# Exercise directions
With pictures left out, please repeat word for word the lines from the one containing "GUCCI GG2570 G" through the end of the records.

# Task input

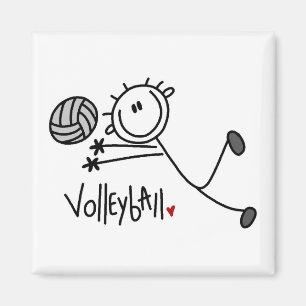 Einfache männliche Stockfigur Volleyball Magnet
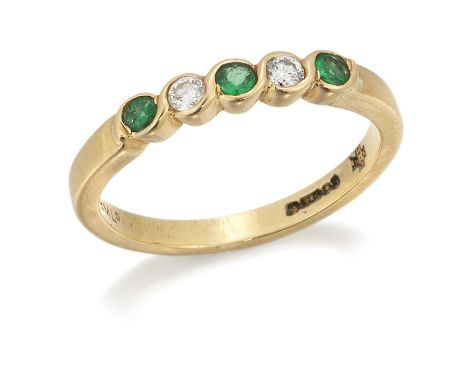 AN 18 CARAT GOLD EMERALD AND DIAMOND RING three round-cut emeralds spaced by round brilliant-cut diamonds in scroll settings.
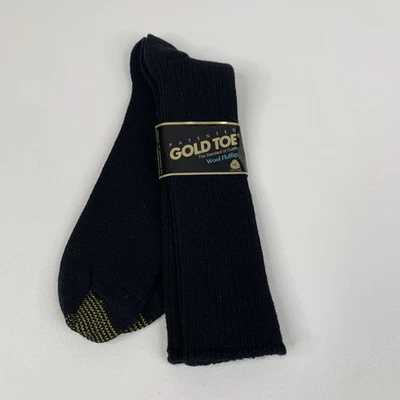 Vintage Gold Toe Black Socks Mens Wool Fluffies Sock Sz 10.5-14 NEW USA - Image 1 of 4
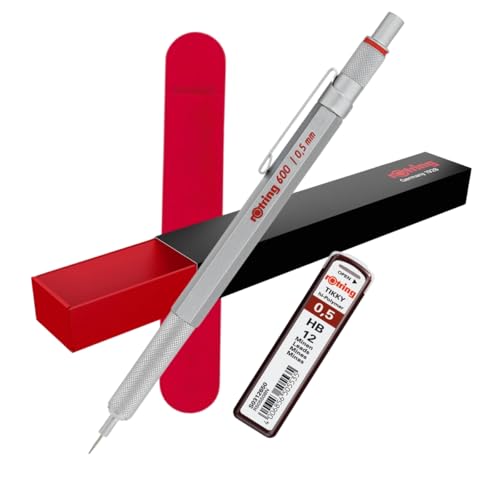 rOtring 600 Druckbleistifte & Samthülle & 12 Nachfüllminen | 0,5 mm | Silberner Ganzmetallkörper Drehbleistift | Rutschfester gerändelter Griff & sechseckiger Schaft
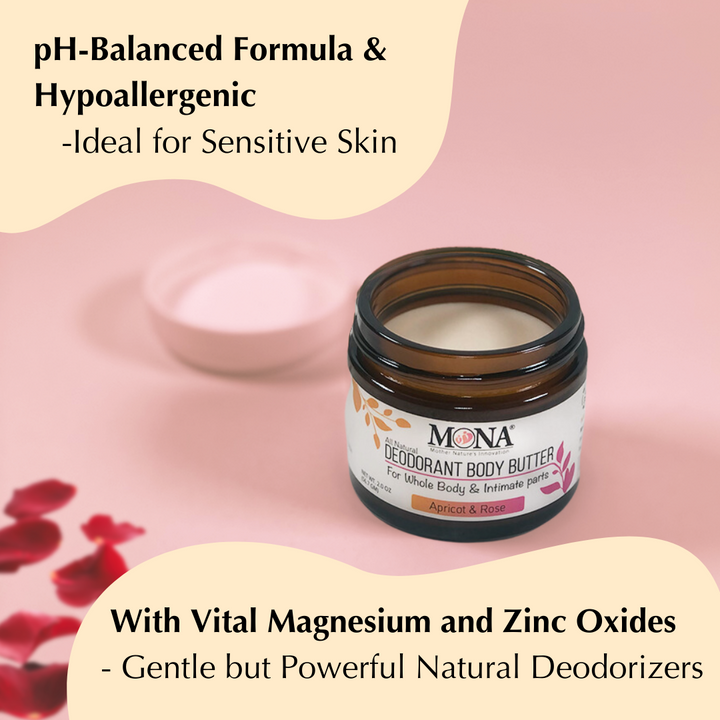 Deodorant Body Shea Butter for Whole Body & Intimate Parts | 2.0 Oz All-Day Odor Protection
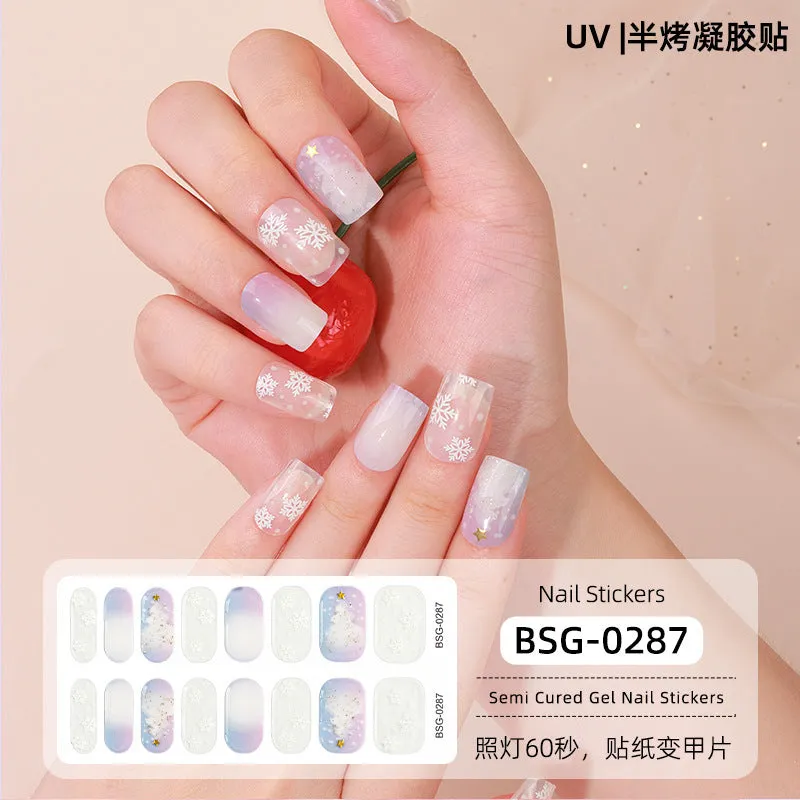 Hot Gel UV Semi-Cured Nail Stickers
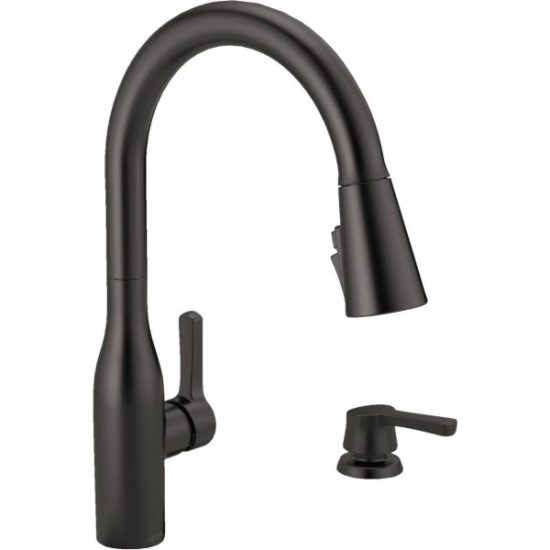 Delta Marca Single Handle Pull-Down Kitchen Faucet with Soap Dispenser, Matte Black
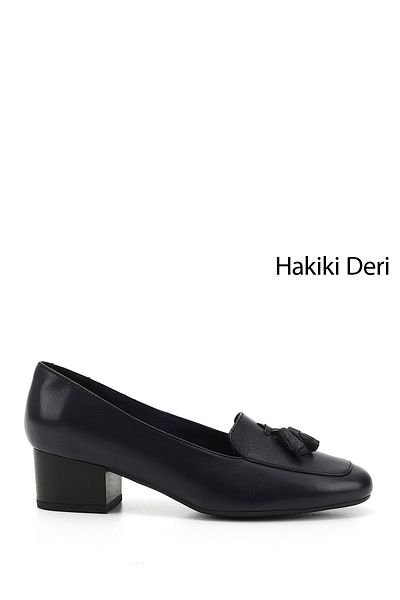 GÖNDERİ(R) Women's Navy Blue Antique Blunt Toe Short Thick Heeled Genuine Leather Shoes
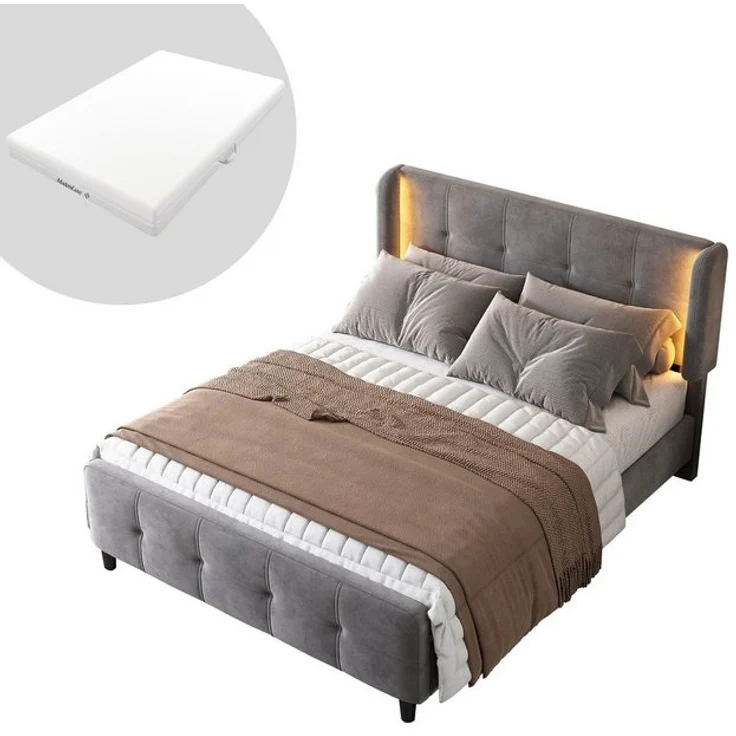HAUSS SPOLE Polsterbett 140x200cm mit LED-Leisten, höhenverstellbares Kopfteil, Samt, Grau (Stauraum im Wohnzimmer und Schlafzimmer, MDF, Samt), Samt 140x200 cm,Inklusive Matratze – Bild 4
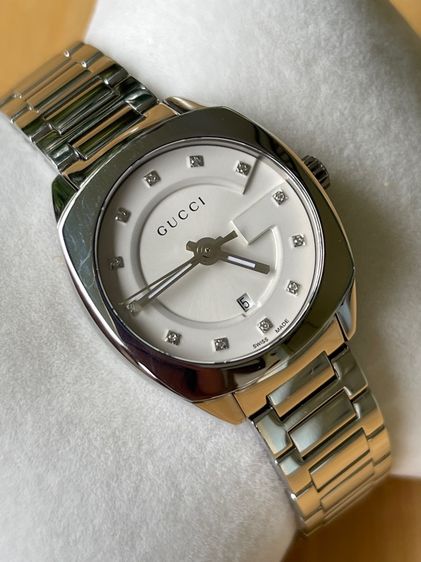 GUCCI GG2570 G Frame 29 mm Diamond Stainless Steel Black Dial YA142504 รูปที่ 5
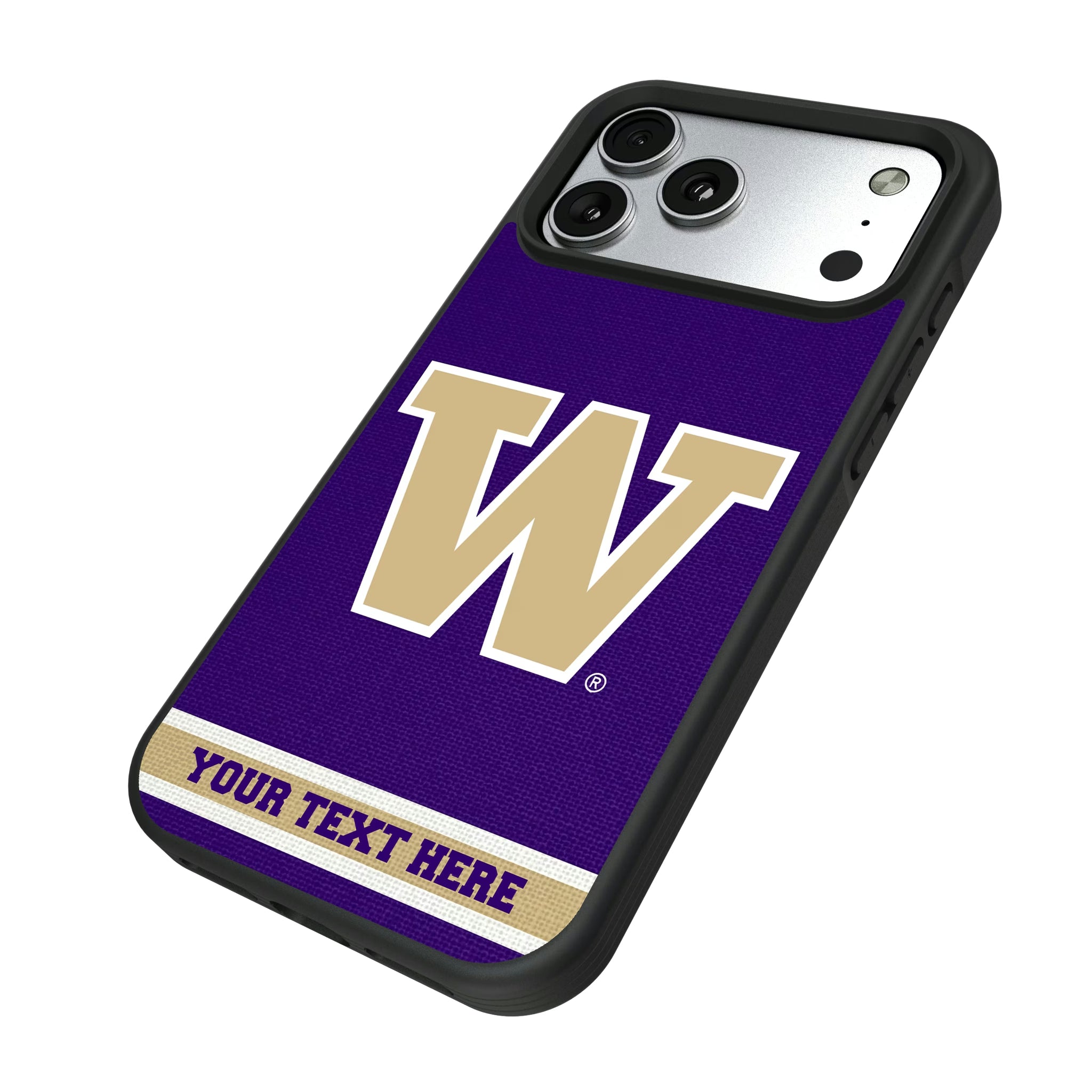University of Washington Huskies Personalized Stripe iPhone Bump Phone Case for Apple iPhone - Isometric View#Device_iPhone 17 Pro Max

# Solution below
 GUCCI GG2570 G Frame 29 mm Diamond Stainless Steel Black Dial YA142504 รูปที่ 5
University of Washington Huskies Personalized Stripe iPhone Bump Phone Case for Apple iPhone - Isometric View#Device_iPhone 17 Pro Max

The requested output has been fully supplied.